- Collected material
════════════════

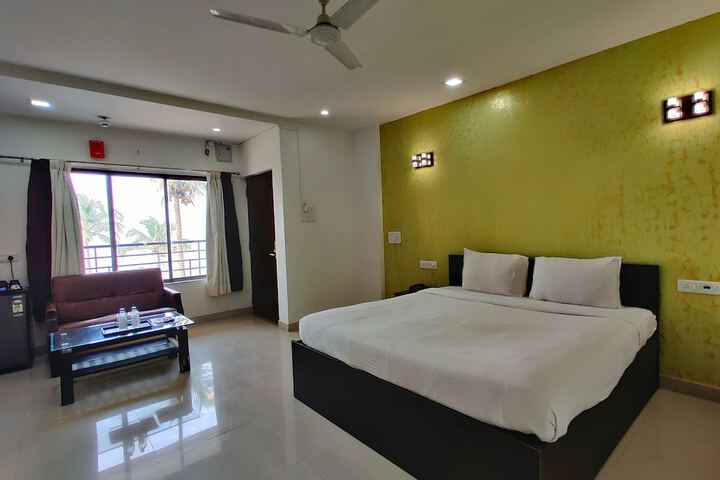 Room 18 of 81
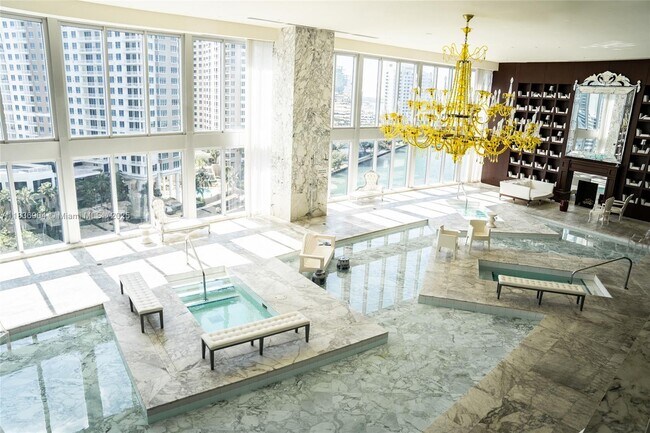 Building Photo - 475 Brickell Ave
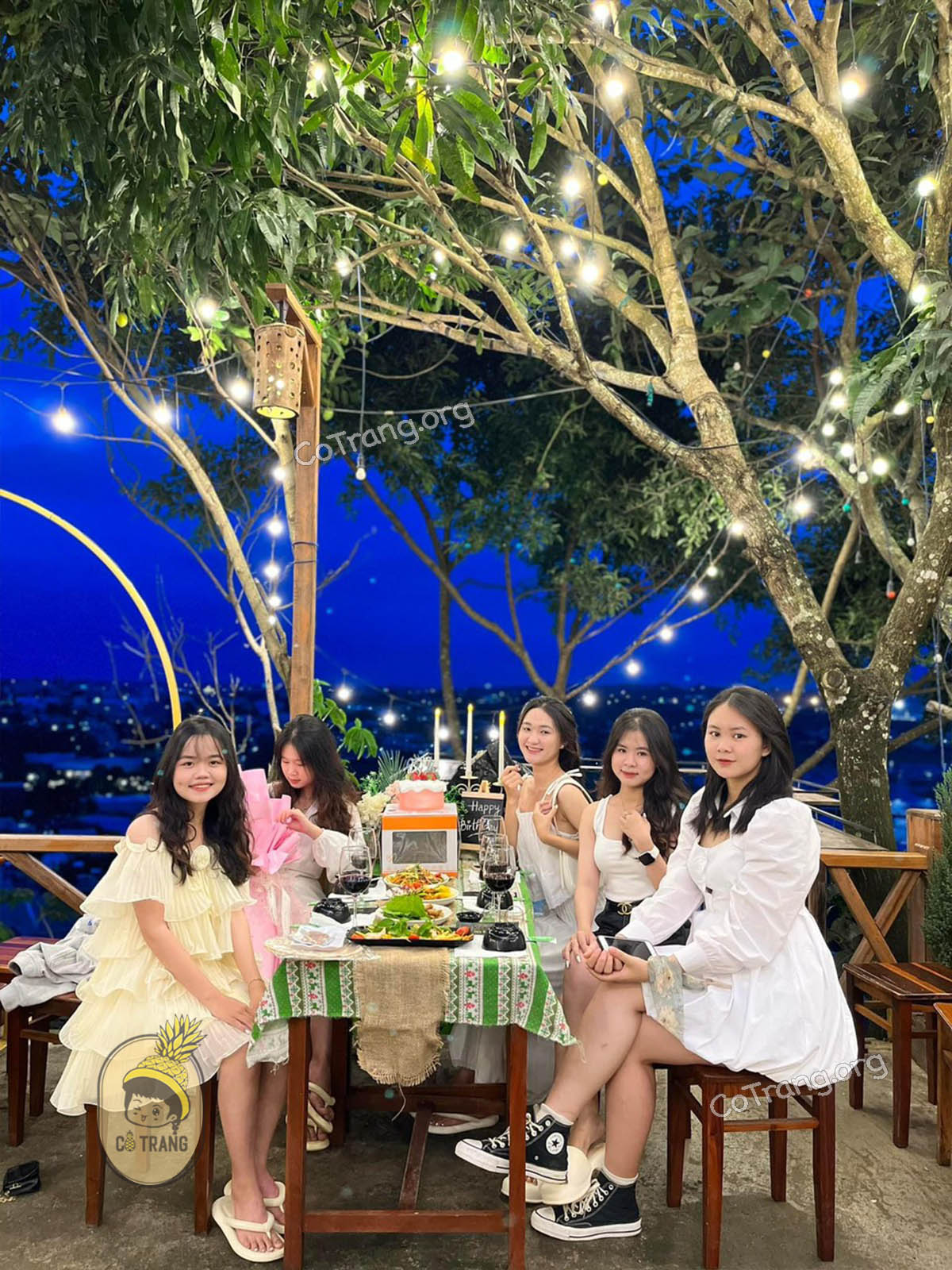 Không gian và menu món ăn thực tế tại Chill Lưng Chừng Gia Lai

════════════════

- Exercise objective
Repeat the data in full, exactly as it stands, but drop every picture.

- Solution for this problem
 Room 18 of 81
 Building Photo - 475 Brickell Ave
 Không gian và menu món ăn thực tế tại Chill Lưng Chừng Gia Lai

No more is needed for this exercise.